The address is an opportunity to look back on the past year and highlight accomplishments and progress in Guilford County. But Gateway advocates flooded the meeting and took up the majority of the hours-long meeting.

GUILFORD COUNTY, N.C. — Guilford County Board of Commissioners Chairman, Alan Branson gave the Annual "State of the County" Address at Thursday's regularly scheduled Board of County Commissioners meeting.

The address is an opportunity to look back on the past year and highlight accomplishments and progress in Guilford County.

Any other year, the address would have focused on topics such as economic growth, and battling the opioid crisis. 

But this time around, Gateway Education Center took center stage. Gateway advocates flooded the meeting and took up the majority of the hours-long meeting.

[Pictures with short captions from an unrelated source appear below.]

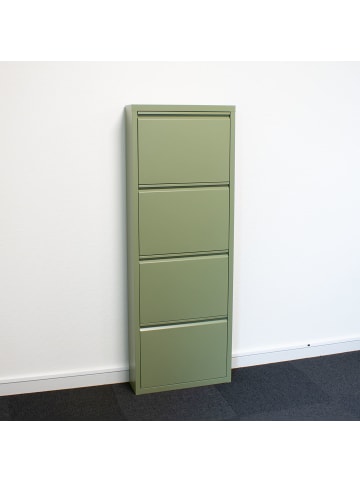 ebuy24 Schuhschrank Pisa 5  Grün 100 x 16 cm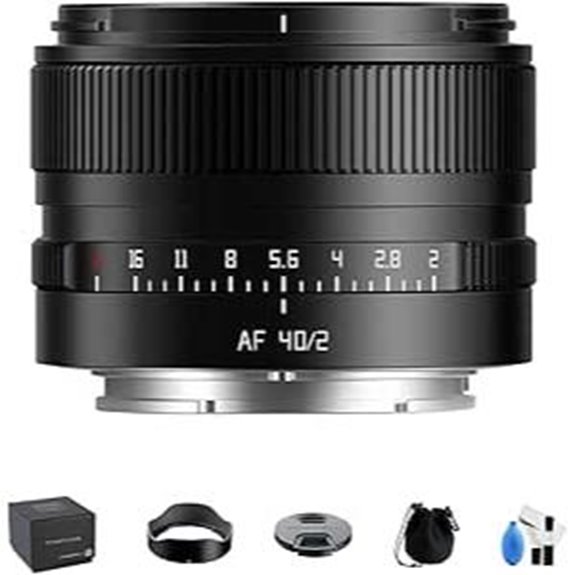 TTArtisan 40mm F2 Full Frame Autofocus Lens
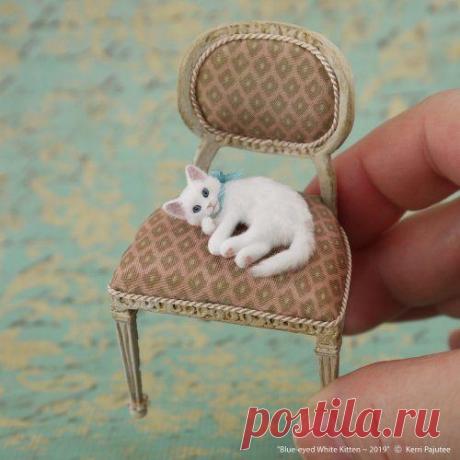 Крохотные фигурки животных, которые неотличны от живых: невероятные идеи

RELATED: Guilford County Superintendent Says Gateway Education Center Will Stay Open Despite Poor Conditions, Recommends Hampton Elementary Close

Parents of students at the special needs school took to the podium one-by- one to plead their case; fixing the school they love, rather than closing it.

"Until you have this happen to you, you can sit there and say 'so we'll close the school oh well parents go somewhere else' - well that's not the case!" One grandmother said. 

RELATED: Guilford County Schools Recommends Special Needs Students Relocate, Parents React: 'We've All Been Screaming Answer Our Questions'

"Think outside the box, and come up with funds immediately to fix our beloved school," a parent echoed.

"We're not going to throw it all away because we can't fix a roof," Dania Ermentrout, PTA President at Gateway Education Center said.

County Commissioners were supposed to vote on 7 million dollars for school projects.

The money would've renovated a handful of high schools to house career classrooms, like manufacturing and engineering labs.

But this vote never happened.

What happened instead was a long back-and-forth discussion on postponing the vote to see if some of the money could be used to fix Gateway.

The commissioners agreed unanimously, they needed more time to think about it.

"I can't vote on 7 million dollars tonight, with all these issues with Gateway that are unanswered," Commissioner Hank Henning said.

"We've got to be careful, more careful about how we come to these decisions and the time in which we do it," another commissioner said.

The vote has been postponed until May 16 after much debate.

In the meantime, the commissioners say they’ll be meeting with the Board of Education to try to find a win-win solution to what’s become a "dissapointing and heartbreaking situation," - in their words.